See: Non-significant risk device.

Source Documents: Original documents and records including, but not limited to, hospital records, clinical and office charts, laboratory notes, memoranda, subjects diaries or evaluation checklists, pharmacy dispensing records, recorded data from automated instruments, copies or transcriptions certified after verification as being accurate and complete, microfiche, photographic negatives, microfilm or magnetic media, x-rays, subject files, and records kept at the pharmacy, at the laboratories, and at medico-technical departments involved in the clinical trial. (HSP#046)

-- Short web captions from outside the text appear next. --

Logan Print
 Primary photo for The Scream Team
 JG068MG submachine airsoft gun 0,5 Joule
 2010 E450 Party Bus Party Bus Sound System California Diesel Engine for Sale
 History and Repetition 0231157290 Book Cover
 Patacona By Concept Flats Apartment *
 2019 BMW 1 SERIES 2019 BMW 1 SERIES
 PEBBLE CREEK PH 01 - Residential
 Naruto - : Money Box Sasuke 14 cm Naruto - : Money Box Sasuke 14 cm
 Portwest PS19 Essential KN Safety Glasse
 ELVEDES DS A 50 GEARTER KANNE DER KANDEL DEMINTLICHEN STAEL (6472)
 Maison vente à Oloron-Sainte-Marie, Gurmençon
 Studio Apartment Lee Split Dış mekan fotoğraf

Sponsor: A person or other entity that initiates but does not actually conduct the investigation. An entity other than an individual (e.g., a corporation or an agency) which uses one or more of its own employees to conduct an investigation that it has initiated is considered to be a sponsor, not a sponsor-investigator, and the employees are considered to be investigators. (HSP-047)

Standard of care: Procedures that research participants would receive for the treatment of their disease or condition even if not participating in the research. (HSP#024)

Study Coordinator: The individual responsible for management of the daily activities of the study, including coordinating the treatment or testing of participants. (HSP#001)

Study Monitor: An individual employed by a commercial research sponsor to monitor the conduct of a study. This individual may be charged with periodic monitoring of study data and adverse event reports in order to assure the protection of study participants. (HSP#022)

Suspension of IRB approval of research: Temporarily or permanently withdrawing approval for some or all research procedures. (Suspended research remains “open” and subject to continuing review requirements.) (HSP#084) See ‘Termination’.